Anti-corruption laws are breaking out all over.
In a few days, the U.K. Bribery Act will be a reality. Other countries, prodded by the OECD and U.S., are criminalizing overseas public bribery. Spain, the Netherlands, and the Czech Republic are among them. Russia has a new law, so do India and China. Indonesia wants one. In South America, Brazil joins the club, and others are talking about it.
It’s good news.
But what happens to a company and its executives if they’re prosecuted in three, four, or five jurisdictions for the same bribes? Will the companies pay multiple fines? Will individuals be handed off from one prison to the next?
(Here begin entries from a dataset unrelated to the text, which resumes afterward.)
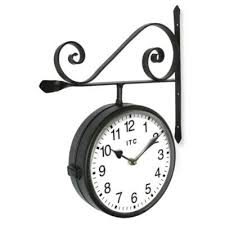 Metal Railway Station Clock Clock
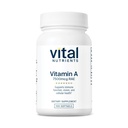 Vitamiin A 7500mcg RAE | Vitamiin A täiendus immuunsusfunktsioonile, nägemisele, nahale ja raku tervisele | Gluteen, piimatooted, sojavabad | Mitte-GMO | 100 kapslit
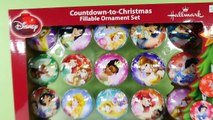25 Disney Princesses Countdown To Christmas - Ariel Mulan Merida Cinderella Snow White Ornaments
No one knows how it will work. There’s no international superstructure in place to sort it out. And with big money up for grabs, there’s sure to be enforcement competition.
Earlier this year, we asked Richard Alderman, head of the U.K.’s Serious Fraud Office, about it. Here’s the exchange:
FCPA Blog: When the Bribery Act becomes effective, should global companies fear the prospect of duplicate enforcement actions in both the U.S. and U.K.?
Richard Alderman: The SFO works closely with the DOJ and the SEC. We shall discuss how best to proceed. I do not want to see duplicate actions in each jurisdiction. I want the SFO to be able to agree with our U.S. counterparts on a resolution that we can pursue jointly with the corporate.
FCPA Blog: Isn’t the prospect of multiple prosecutions even more disturbing if other countries join the U.S. and U.K. in aggressively pursuing global corruption? Do we need some kind of supra-national enforcement body?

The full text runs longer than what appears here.